Cloonan and Conrad are successfully differentiating Cass and Steph in their dialogue. Steph is a more impulsive and exuberant while Cass is reserved and measured. However, when she has something to say, she says it in a big way. Not all writers are able to make characters recognizable from their dialogue, but you could hear their dialogue and be able to distinguish who is saying what. It’s an excellent way of depicting characterization. Most importantly, it feel real.
Related to this is the way the characters respond to each other that shows they care. Cass is worried about Steph’s feelings of inadequacy and she steps up to reassure her friend- these two are on the same team, it’s not a competition between them. Barbara is constantly reinforcing their feelings as they perform in the field. She is building them up to help them both grow their confidence, it’s the polar opposite of the disgusting treatment of Robin by Batman in Frank Miller and Jim Lee’s All-Star Batman and Robin. It doesn’t stop there. When Barbara meets an old friend, boyfriend (?) Steph and Cass sense Barbara’s uneasiness and they pounce in a good-natured way. This is a scene that is very real. This is how friends act. They want the lowdown, but they also want to give Barbara a little friendly ribbing- especially since her current relationship with Dick Grayson is an integral part of this series.
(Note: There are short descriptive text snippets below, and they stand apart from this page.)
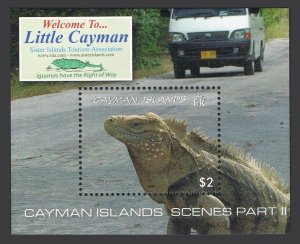 Cayman 1044 sheet,MNH. Tourism 2009. Island scenes: Iguana.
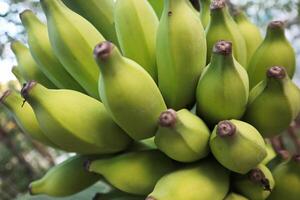 Closeup Raw Banana on The Tree With Selective Focus photo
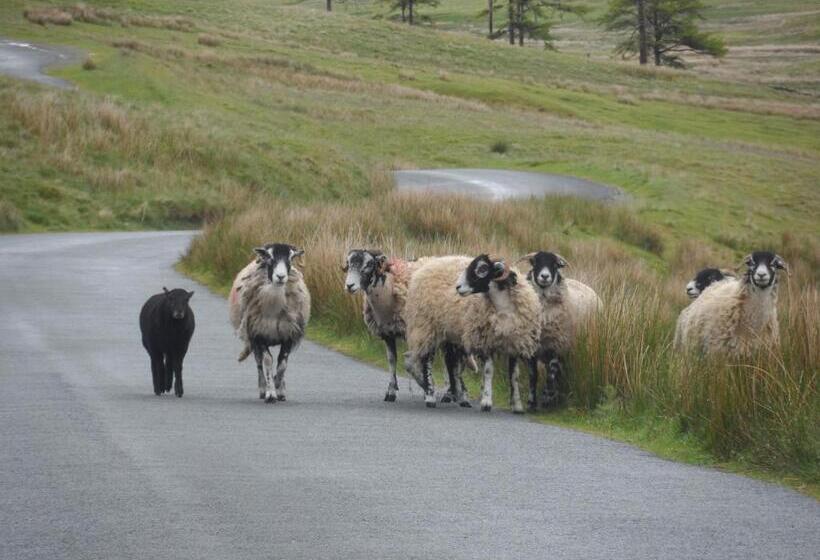 تختخواب و صبحانه 3 Cambridge Villas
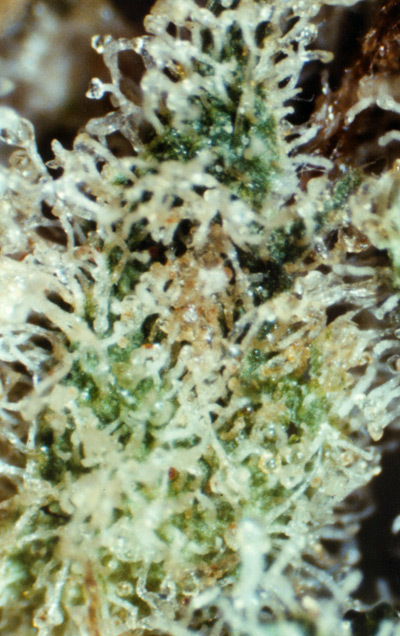 Mr. Nice Seeds - Black Widow (reg.)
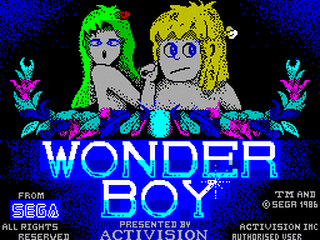 ZX GameBase Wonder_Boy Activision 1987
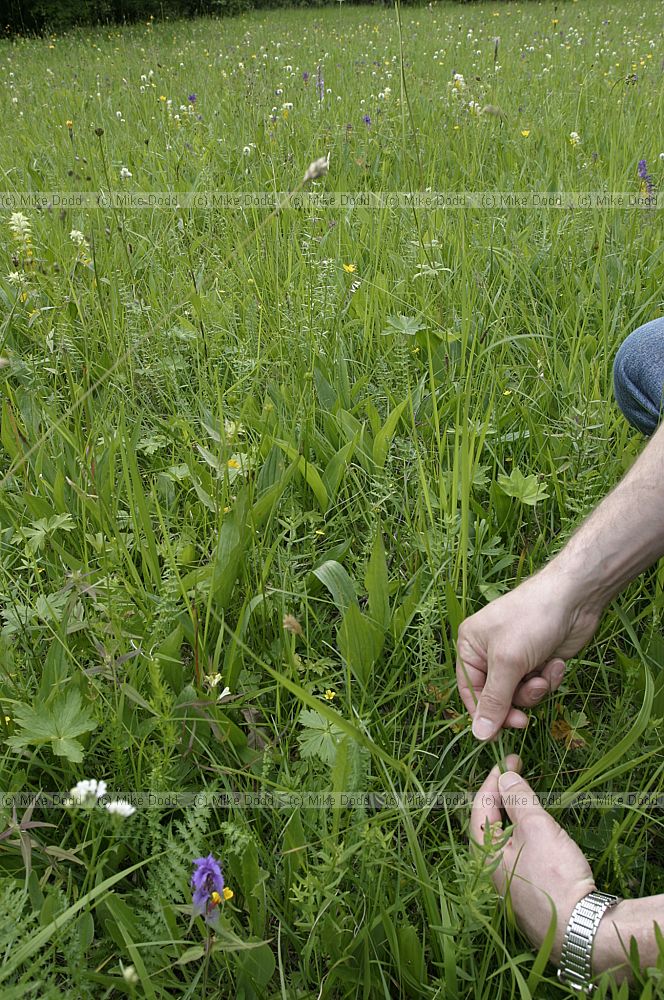 Plant species in wooded meadow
That leads to the way this series goes beyond the pages. In Batgirls #3, we get another reminder that this comic is inextricably linked with Nightwing- a title that has won almost every DC category in the inaugural DC Comics News Awards. While it’s not necessary to read one title to understand the other, they are books that share Barbara Gordon as one of the main characters and they both approach the material in the same way – character first. There’s a similar energy in the titles that in turn creates a connection BETWEEN the two books. Plus, these books are not about making you question the morality or motivations of these characters, they both lean in hard to remind you why you LOVE these characters, and if you don’t already love them it won’t take but 2 or 3 issues to see the light.
Additionally, in Batgirls #3, we finally see how this series is a riff on the glory days of the Birds of Prey. Barbara was confined to a wheelchair then and Black Canary and Huntress were her operatives. They were experienced whereas Steph and Cass are still learning. Barbara’s approach has to be different with them than with Black Canary and Huntress. In this issue, we see Barbara wanting to stay at the computer and run the mission from there instead of going into action despite Steph’s encouragement to the contrary.
There’s also a great change of tone at the end of this issue that leads to a cliffhanger that injects a different kind of intensity. It’s got just the right amount of plot development so that it doesn’t sacrifice character or speed things up too fast to really enjoy what’s going on.
Jorge Corona captures the differences between Cass, Steph, and Barbara, perfectly echoing what’s in the script. Steph’s exuberance comes through in her motions and Cass’s posture keeps that reserved nature. And, when given the chance to show Barbara’s uneasiness and maybe embarrassment over running into her old (boy?)friend, Corona gets that right as well.
If there’s a negative in Batgirls #3, there is a sense that maybe too much is going on. There are numerous plot threads in play and while character comes first, it would be a shame if one of these threads got short-changed.
Batgirls #3 is another fine issue that is of a certain type of comic we don’t get nearly enough of. Between quality and quantity of content focused on character, it’s one of those comics that you really enjoy reading and makes you feel good as you share the lives of Barbara Gordan, Stephanie Brown, and Cassandra Cain.